Canada is a vast and diverse nation. Different regions have different customs and habits, not to mention differences of opinion (political and otherwise) with other regions. But they share one sentiment: Canadians generally hate Toronto1. It may seem odd that a country would dislike its largest, most diverse city, a city in which one in twelve Canadians resides2, a community that is responsible for one-fifth of the national economy and much of our cultural wealth, and even odder that Ontarians join in, given that the Ontario economy would collapse like a rotted fruit without Toronto, but there it is: Toronto-phobia.
Canadians are so notoriously Toronto-averse that Canadian cop show Flashpoint made a point of never explicitly stating that it was set in Toronto, leaving viewers outside Toronto free to imagine that the program was set in any large Canadian city that happened to possess the CN Tower that kept appearing in establishing shots.
[I would include a helpful picture of the CN Tower here, but I’d prefer not to be sued for doing so…]
Happily, not every Canadian SFF writer suffers from Toronto-phobia. Here are five examples of books set in the city from the fantasy side of the ledger.
Above by Leah Bobet
Far below Toronto’s streets, Safe provides a refuge to beings living with marvelous gifts and onerous curses—people who, if caught by the authorities, would be subjected to unpleasant experiments. Some of the refugees have been so subjected before they escaped to Safe.
Matthew is able to pass for a regular human. He can venture above to buy necessary supplies without letting any normal know that Safe exists.
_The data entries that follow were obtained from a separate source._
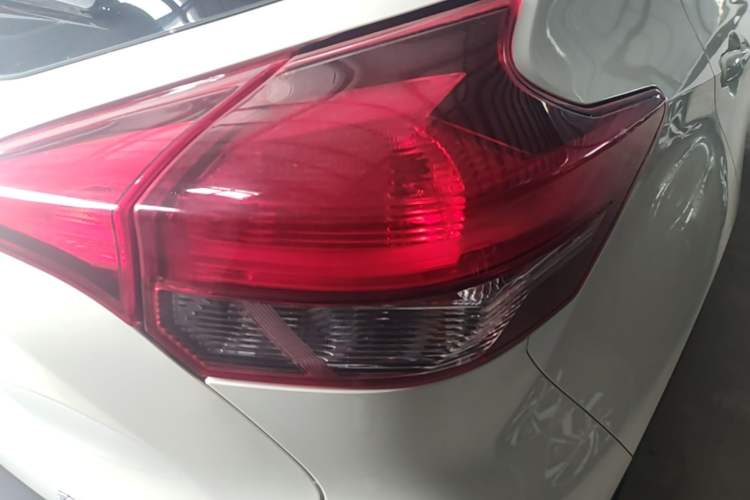Used Nissan Kicks 2019 1.5L CVT Cool Enjoy Edition Right Rear Taillight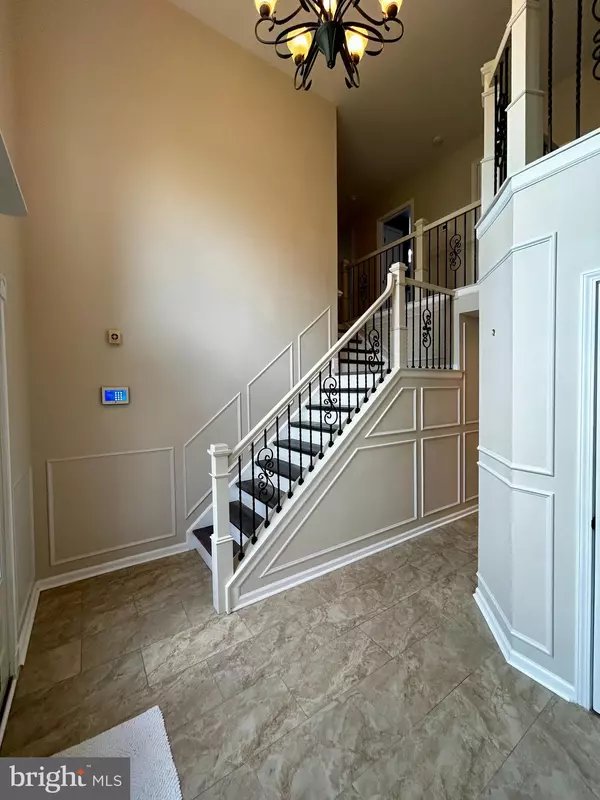 Manahawkin, NJ 08050,175 BARRACUDA RD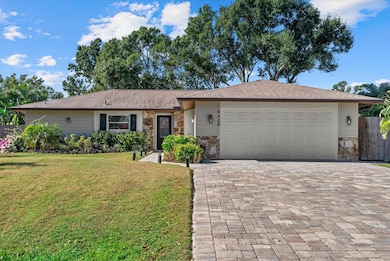 4428 Meadow Creek Cir, Sarasota, FL 34233 - photo 2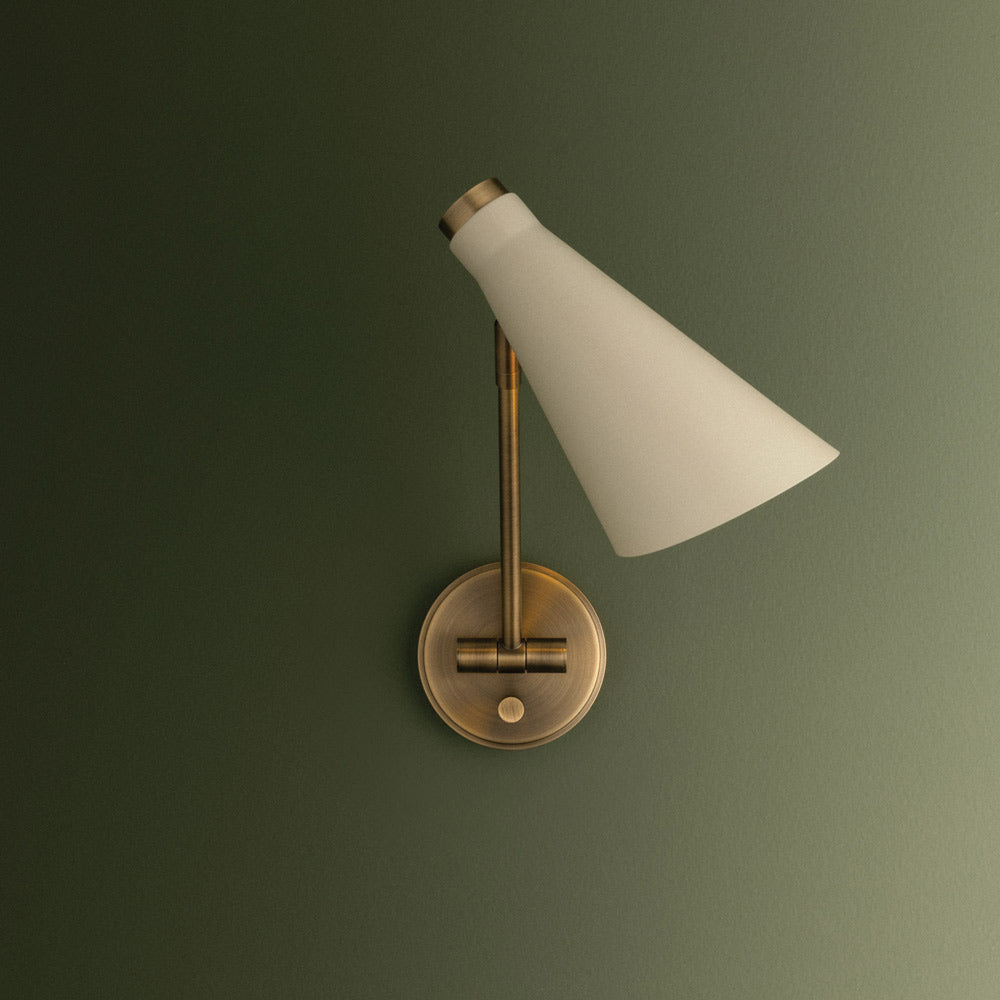 Andersen Single Wall Light in Detail.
Safe takes precautions against the mundane authorities. It never occurs to them that they are in any danger from supernatural entities—such as those who invade the refuge. Only Matthew and a handful of companions escape. If they are to save their community, they must discover who these invaders are, and how they can be fought.
Buy the Book


Above
The Night Girl by James Bow
Like so many before her, Perpetua Collins journeys to Toronto in search of a better life. Also like so many before her, she finds opportunity scarce and rent far too expensive. Welcome to the exciting world of homelessness in a town whose winter temps can hit -30o C… Fortune in the form of an enigmatic want ad smiles on Perpetua. Perpetua is just the human face needed to staff the front desk of T.P. Earthenhouse: Bouncers, Rare Coins, and Art Installations.
Toronto is even more diverse than it knows. Earthenhouse provides employment to one of Toronto’s more unusual demographics: supernatural beings like goblins and trolls. Earthenhouse himself is a goblin. But the fair folk have carefully hidden from humans for millennia and Earthenhouse’s plans endanger that masquerade. There will be consequences, and Perpetua will soon find herself threatened by them.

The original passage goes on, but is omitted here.